Hoorcollege 12B Flashcards
algemene reactiepatronen
weefsels kunnen maar op een paar verschillende reactiepatronen reageren op veel verschillende stimuli:
- “grootte verandering” (ontwikkeling, aanpassend, neoplasie)
- degeneratie en celdood
- ophopingen
- vaataandoeningen
- ontsteking
- wondgenezing
- rupturen
- corpus alienum
- dislocaties, torsies
- (aangeboren) misvorming
Ezelsbrug algemene reactiepatronen
- Stimuli van reacties > etiologie van de ziekte
Vitamin D
- Vasculair
- Infectieus
- Trauma
- Aangeboren
- Metabool
- Immuungemedieerd / Iatrogeen
- Neoplastisch
- Degeneratief
wat is de samenhang van etiologie en reactiepatronen
Verschillende oorzaken van een probleem kunnen dezelfde reacties geven. Vaak is er wel een bepaalde etiologie die het beste past en het er meeste op lijkt.
waar is de presentatie van de ziekte/laesie van afhankelijk?
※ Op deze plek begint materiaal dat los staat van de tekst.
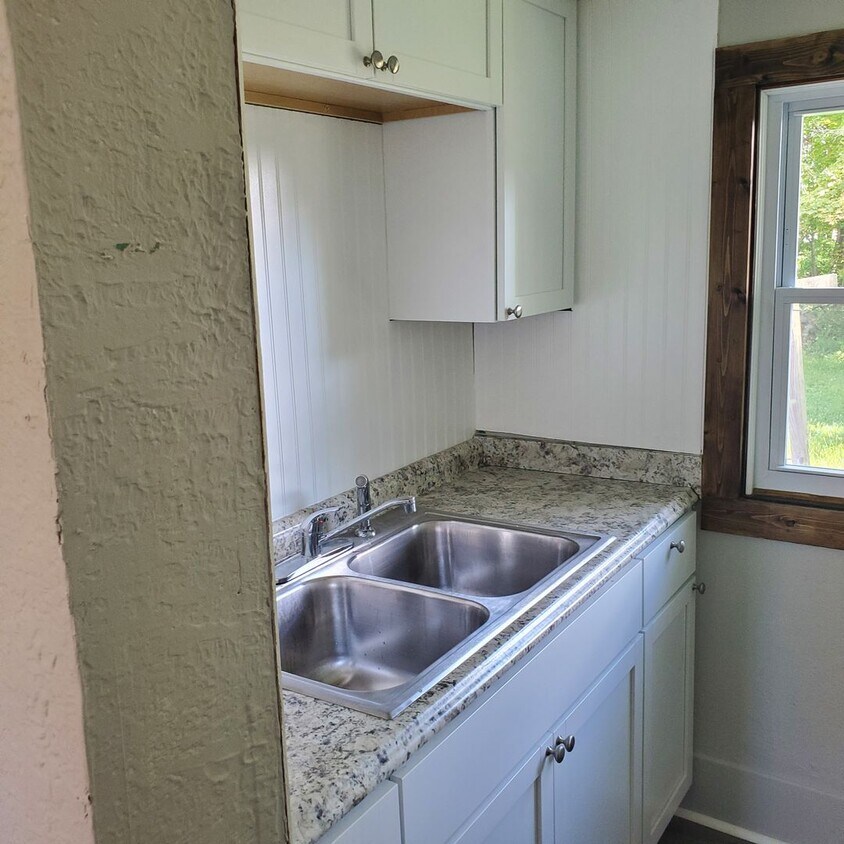 Foto principal - 2BDRM HOUSE FOR RENT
Het is afhankelijk van de interactie tussen etiologie en gastheer en beïnvloed door:
- het totaal van reactiepatronen
- tijd
- ernst
- plaats
Reactiepatronen en tijd
Bijv. de tijd waarin het duur voor een laesie om te helen kan aangeven hoe oud de wond is.
Gradaties zijn:
- Normaal
- Peracute = lichte zwelling
- Acute = meteen/heel snel opgetreden, nog geen ontstekingscellen
- Subacute = al even bezig, immuuncellen zijn aanwezig zoals neutrofielen en plasmacellen
- Chronisch = al enige tijd aanwezig, lymfocyten aanwezig
- Geheeld (‘nieuwe normaal’) = de wond is geheeld, er zijn nog wat lymfocyten aanwezig om het laatste op te ruimen.
Reactiepatronen en ernst
Enst = omvang, grootte, uitbreiding, gevolg van wond.
Bijv. een grote invasieve neoplasie heeft mogelijke grotere gevolgen voor het dier dan een kleine lipoom.
Reactiepatroon en locatie
de locatie van een wond kan aangeven waar de malfucntie zich bevindt. Bijv. bij een bloeding in de dunne darm, zal er melena optreden, terwijl een bloeding in de dikke darm juist vers bloed geeft bij de ontlasting.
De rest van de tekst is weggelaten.